There wasn’t a day when I had a big spiritual experience, or made a conscious decision. So maybe some people will say I’m not really converted or not really born again. Maybe they’re right; I get nervous about it sometimes. But I do know that on January 1 of 2012 I still identified as a pagan, but on December 31 of 2012, I was a committed little-o orthodox Christian.

I hadn’t been much of a pagan in awhile, to tell you the truth. I was not particularly pious by then. I had pretty much totally stopped making offerings or praying or singing hymns to the gods at all. My paganism had sputtered out into just thinking pagany thoughts every now and then and reading pagan blogs.
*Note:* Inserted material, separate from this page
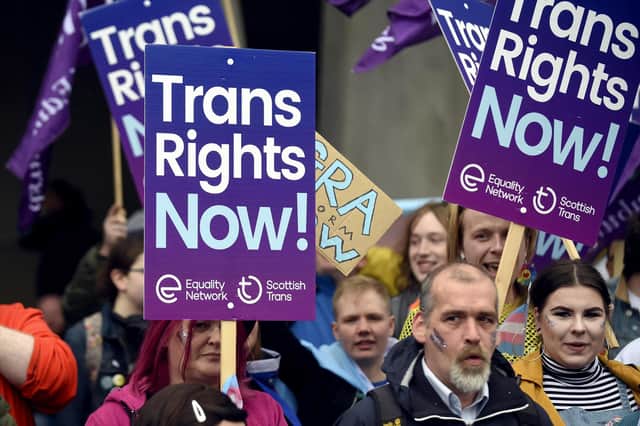 Trans rights campaigners demonstrate outside the Scottish Parliament (Picture: Lisa Ferguson)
I was more into the Civil War, Southern literature and country music than I was into the theoi. And I tried to hold it all together into some sort of broad paganism that could include all of that stuff, but it didn’t ever really seem to fit right (Stonewall Jackson was a Presbyterian who talked about Providence all the time, Flannery O’Connor was deeply Catholic and it intensely informed all of her work, and Jesus is all over country music), and it was increasingly evident that the paganism was slipping away.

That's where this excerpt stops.